Its legit... Think about it...

Where is the episode where he's chasing a guy all episode long?


----------



## DrOctapu (Feb 11, 2012)

Majorami said:


> ThatDudeWithTheFood said:
> 
> 
> > He's sexually ambigous thats the whole point.
> ...


On that one episode he mentions how he's extremely against homosexuality and sends Peter to a straight camp, and Brian reacts confusedly.


----------



## yuyuyup (Feb 11, 2012)

This show became such an awful shitfest after they brought it back from the dead.  Apparently 80s references are extremely profitable.


----------



## ThatDudeWithTheFood (Feb 11, 2012)

Majorami said:


> shlong said:
> 
> 
> > >_>
> ...


----------



## Hells Malice (Feb 11, 2012)

ThatDudeWithTheFood said:


> Majorami said:
> 
> 
> > shlong said:
> ...


----------



## AlanJohn (Feb 11, 2012)

Yes, unfortunately he's gay now.
It's a shame how Family Guy used to be a family-value satire comedy and now its a shitfest of fart jokes.


----------



## JoostinOnline (Feb 11, 2012)

http://articles.nydailynews.com/2009-08-13/gossip/17931233_1_cleveland-show-seth-macfarlane-family-guy


----------



## omgpwn666 (Feb 11, 2012)

JoostinOnline said:


> http://articles.nyda...lane-family-guy



Can evidence from the show/movie prove that artical is real?


----------



## aiRWaLKRe (Feb 11, 2012)

He is bi curious. He would do a female for sure, but has plenty of gay thoughts. In the episode where Mr. Weed dies at the dinner at the griffon's house, at the funeral Stewie was like " ...do her, do her, lose the pig tails and we'll talk..." All the sexy parties he has/imagines. And then there are all the gay thoughts he has. So he it bi curious.


----------



## Gahars (Feb 11, 2012)

Ah, one of the truly gripping issues of our day, just begging for a thread of its own.

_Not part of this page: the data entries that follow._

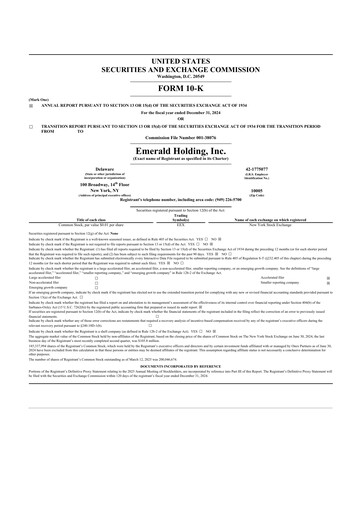 Vorschaubild Emerald Holding 10-K Jahresbericht 2024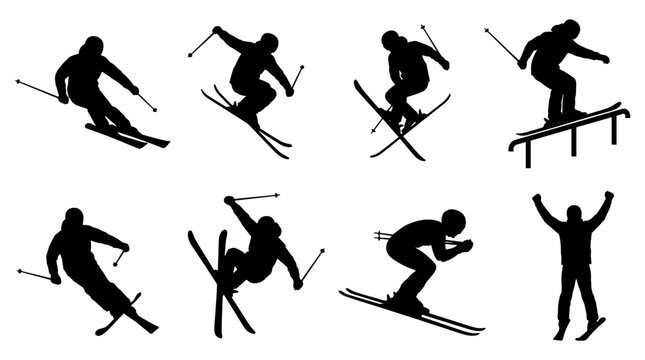 Set of eight black ski silhouette icons showcasing jumps, tricks, and downhill skiing, vector graphics representing winter sports and action
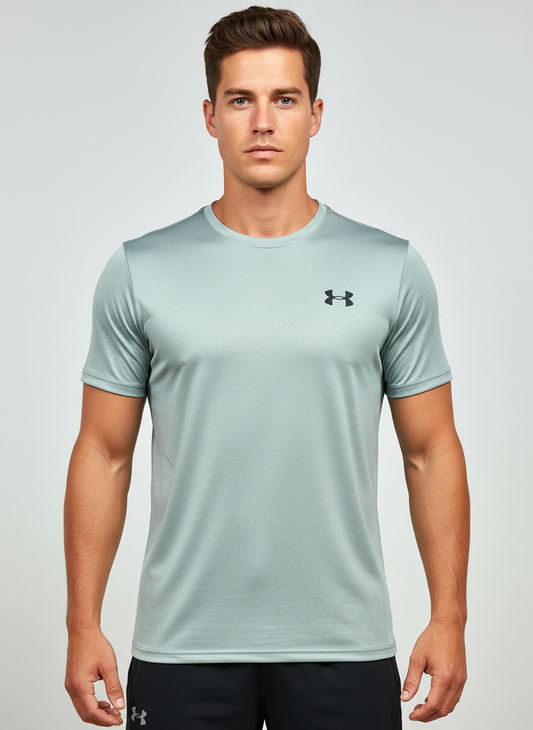 Camiseta de entrenamiento cuello redondo Under Armour 🏋🏽 color gris manga corta Talla M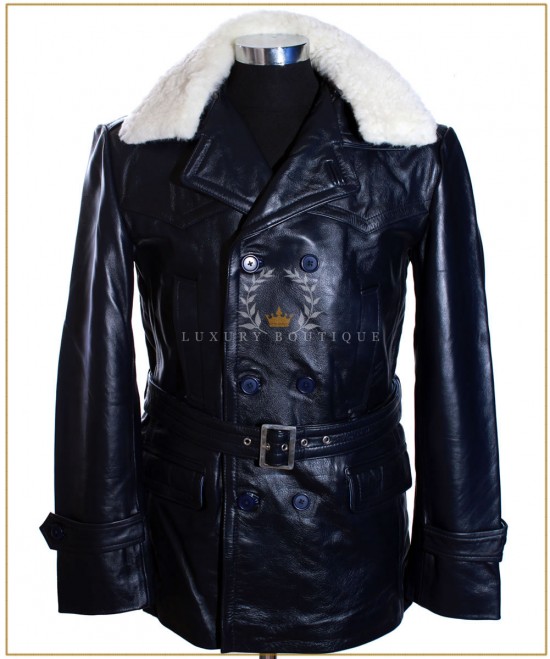 Kriegsmarine Navy Blue Men's New Detachable Fur Collar German U-Boat WW2 Real Cowhide Leather Belted Deck Jacket Pea Coat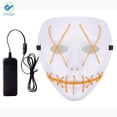 thumbnail image 2 of Deago Halloween Mask LED Light Up EL Wire Cosplay Glowing Mask The Purge Movie Scary Festival Costume with AA Battery, 2 of 5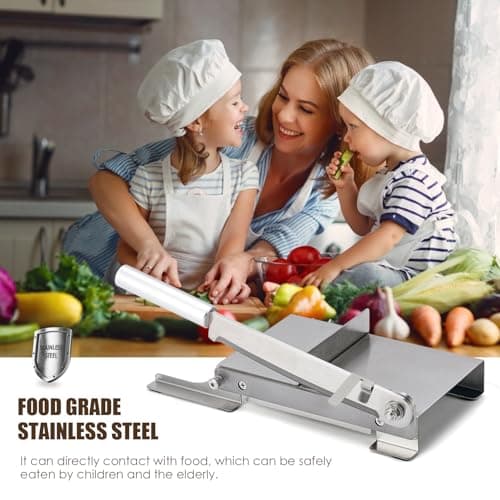 CGOLDENWALL Manual Ribs Meat Slicer Household Stainless Steel Small Bone Cutting Slicing Machine Chicken Lamb Chops Ribs Herb Pastry Cutter for Home Cooking 6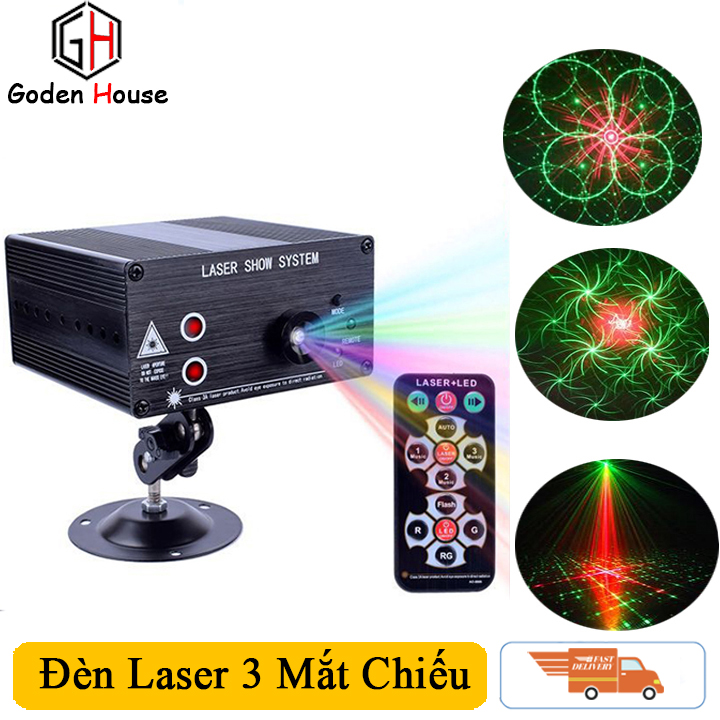 Đèn chớp đèn nháy theo nhạc laser sân khấu KTV Goden house,thiết kế 3 mắt laser nháy 48 hình khác nhau cực đẹp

Really, though... you can't figure it out for yourself?


----------



## Foxi4 (Feb 11, 2012)

Who's Stewie *Griffen*?


----------



## Joe88 (Feb 11, 2012)

I think the bigger question is why there are so many people into bestiality on the show?


----------



## gloweyjoey (Feb 11, 2012)

Joe88 said:


> I think the bigger question is why there are so many people into bestiality on the show?


I was about to be like "WTF theres not beastiality in the show" then I remembered that Brian is a dog


----------



## Valwin (Feb 11, 2012)

at first he was not but them they turn him gay


----------